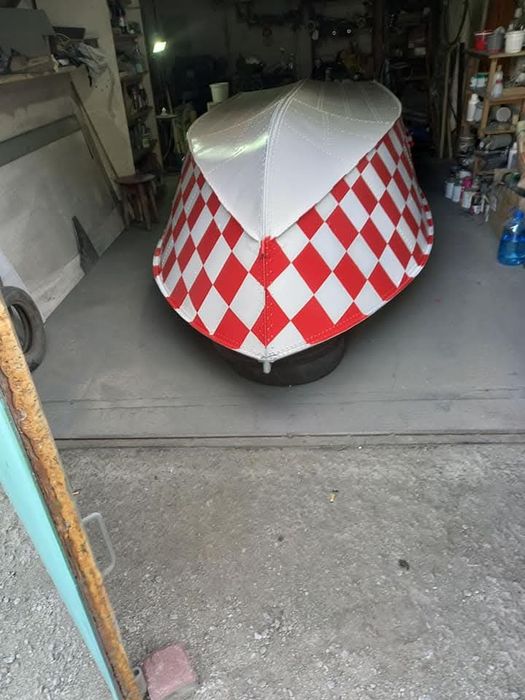 Моторная лодка Прогресс 2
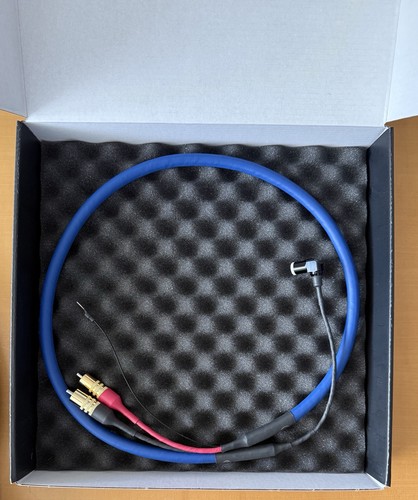 Cardas audio clear phono - clear, kabel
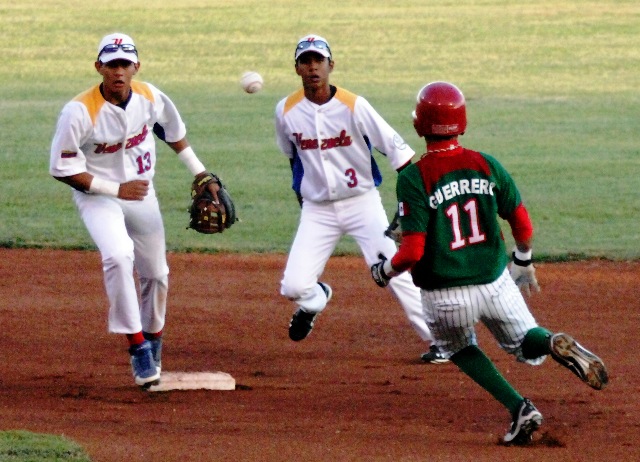 A total of 18 teams will now do battle at this year's Under-15 Baseball World Cup ©WBSC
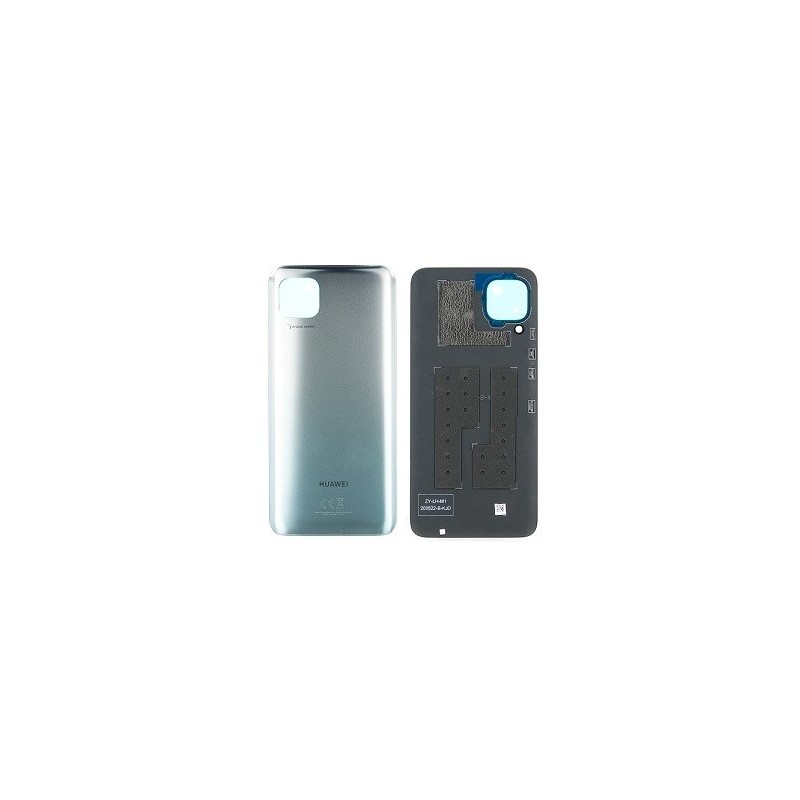 COVER BATTERIA HUAWEI P40 LITE GRIGIO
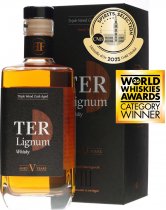 Roner TER Lignum Whisky Aged 5 Years bei uns kaufen.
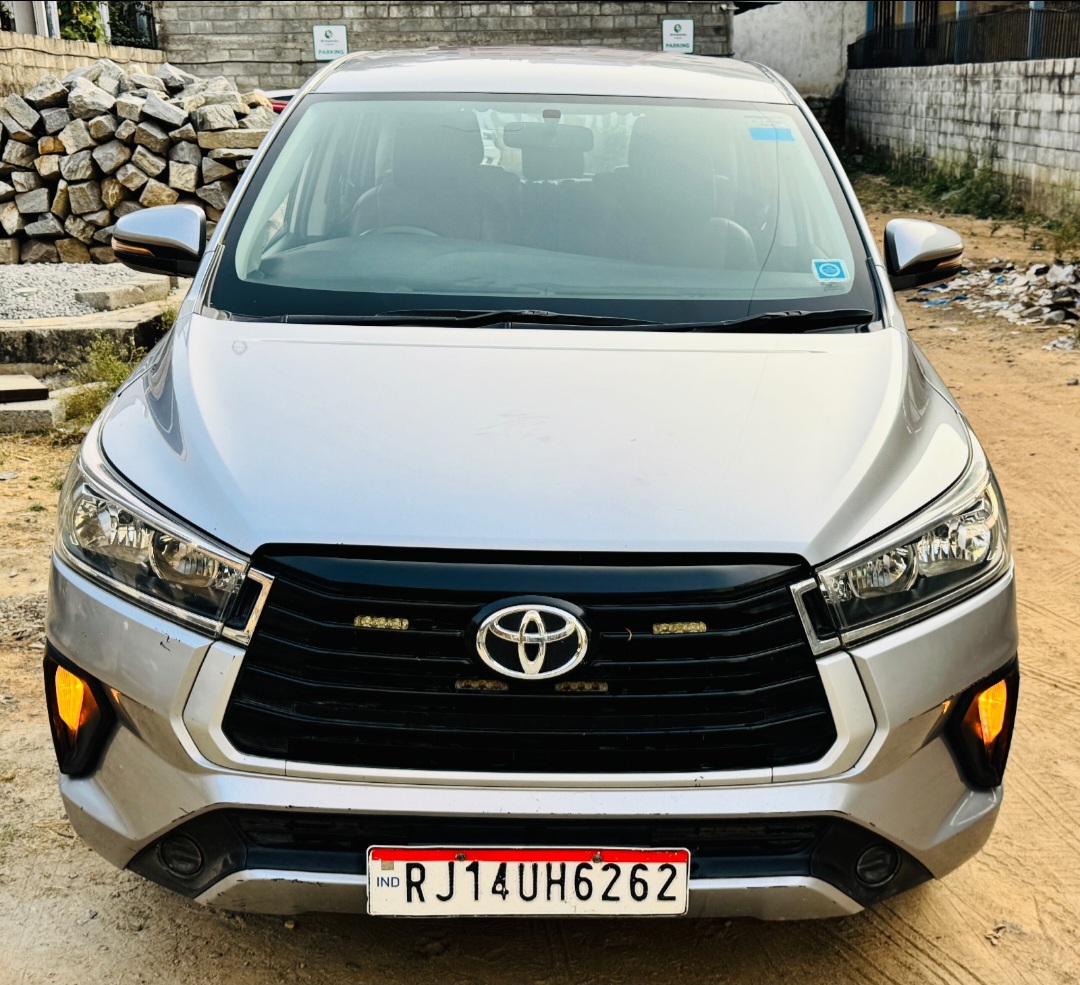Toyota Innova Crysta used car in Bangalore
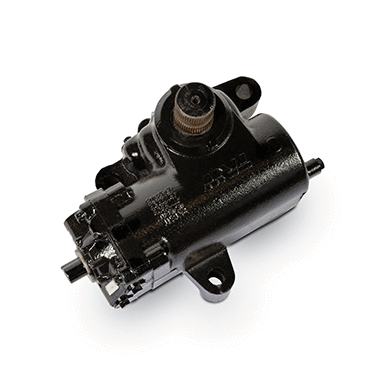 Gear-Steering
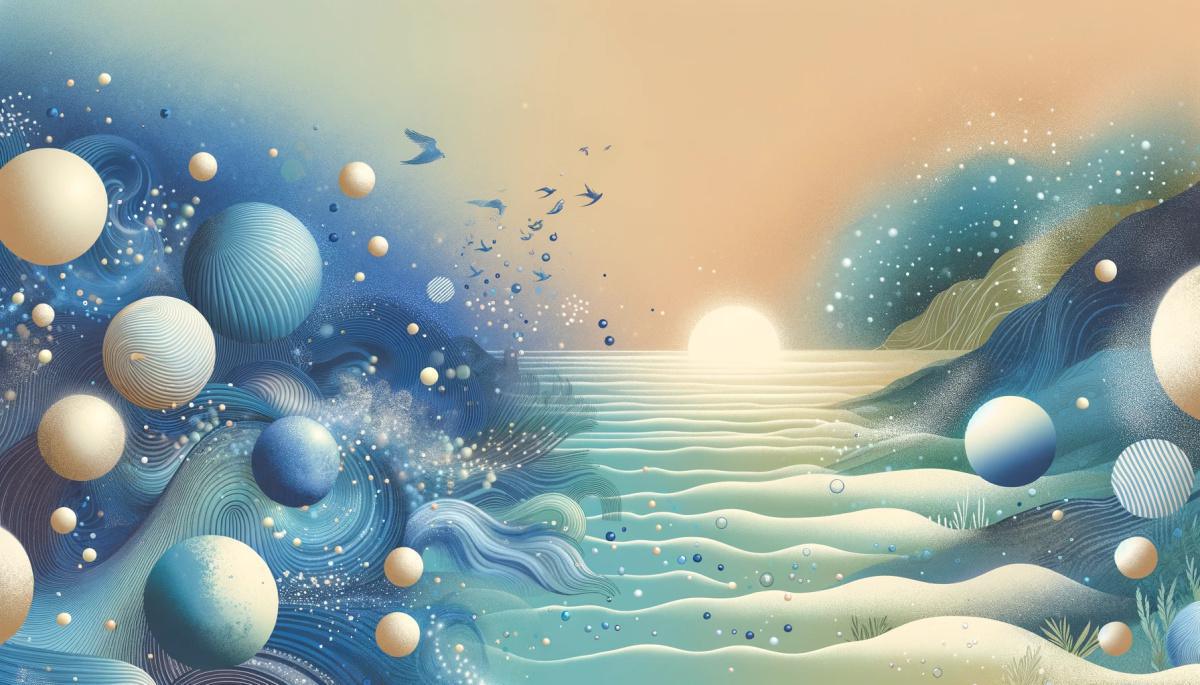 Experience Tranquility: Unlock the Soothing Power of ASMR and Ocean Sounds for Stress Relief and Better Sleep Experience Tranquility: Unlock the Soothing Power of ASMR and Ocean Sounds for Stress Relief and Better Sleep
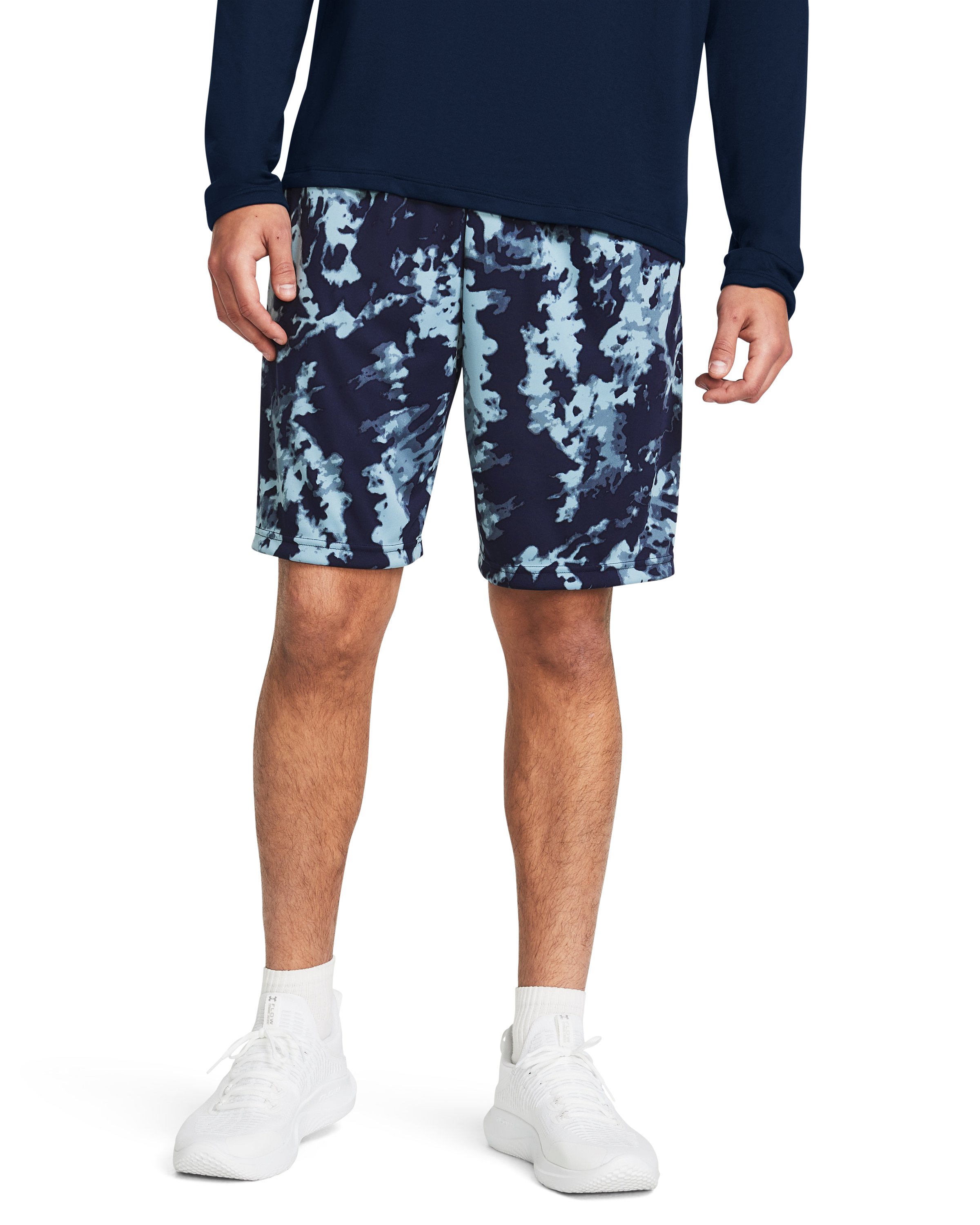UA Tech Printed Men's 10 Shorts 83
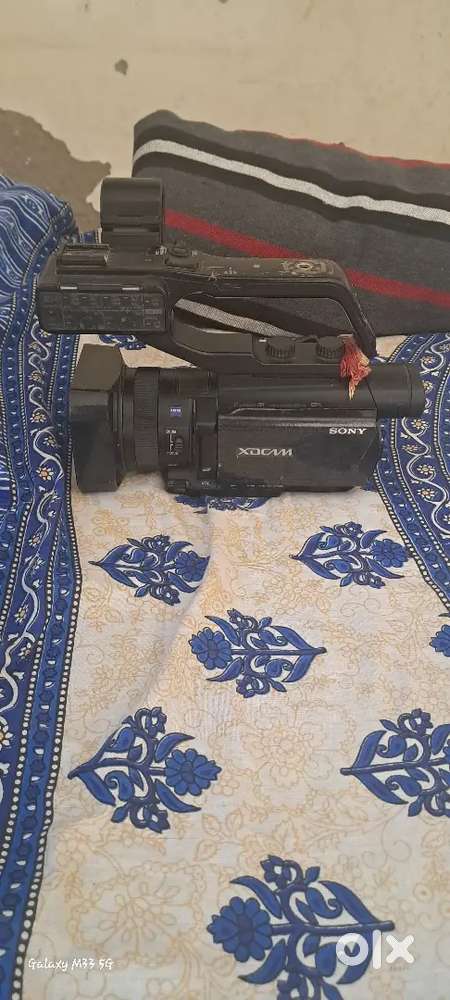 Sony x 70 video camera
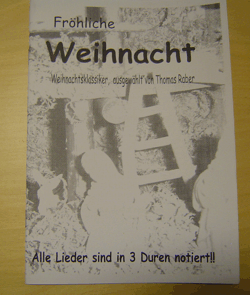 Fr�hliche Weihnacht, Kombiangebot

What needs to be done
Every line from the one containing "Roner TER Lignum" through the end of the entries above is to be copied exactly; pictures are to be left out.

Task output
 Roner TER Lignum Whisky Aged 5 Years bei uns kaufen.
Toyota Innova Crysta used car in Bangalore
 Gear-Steering
 Experience Tranquility: Unlock the Soothing Power of ASMR and Ocean Sounds for Stress Relief and Better Sleep Experience Tranquility: Unlock the Soothing Power of ASMR and Ocean Sounds for Stress Relief and Better Sleep
UA Tech Printed Men's 10 Shorts 83
 Sony x 70 video camera
 Fr�hliche Weihnacht, Kombiangebot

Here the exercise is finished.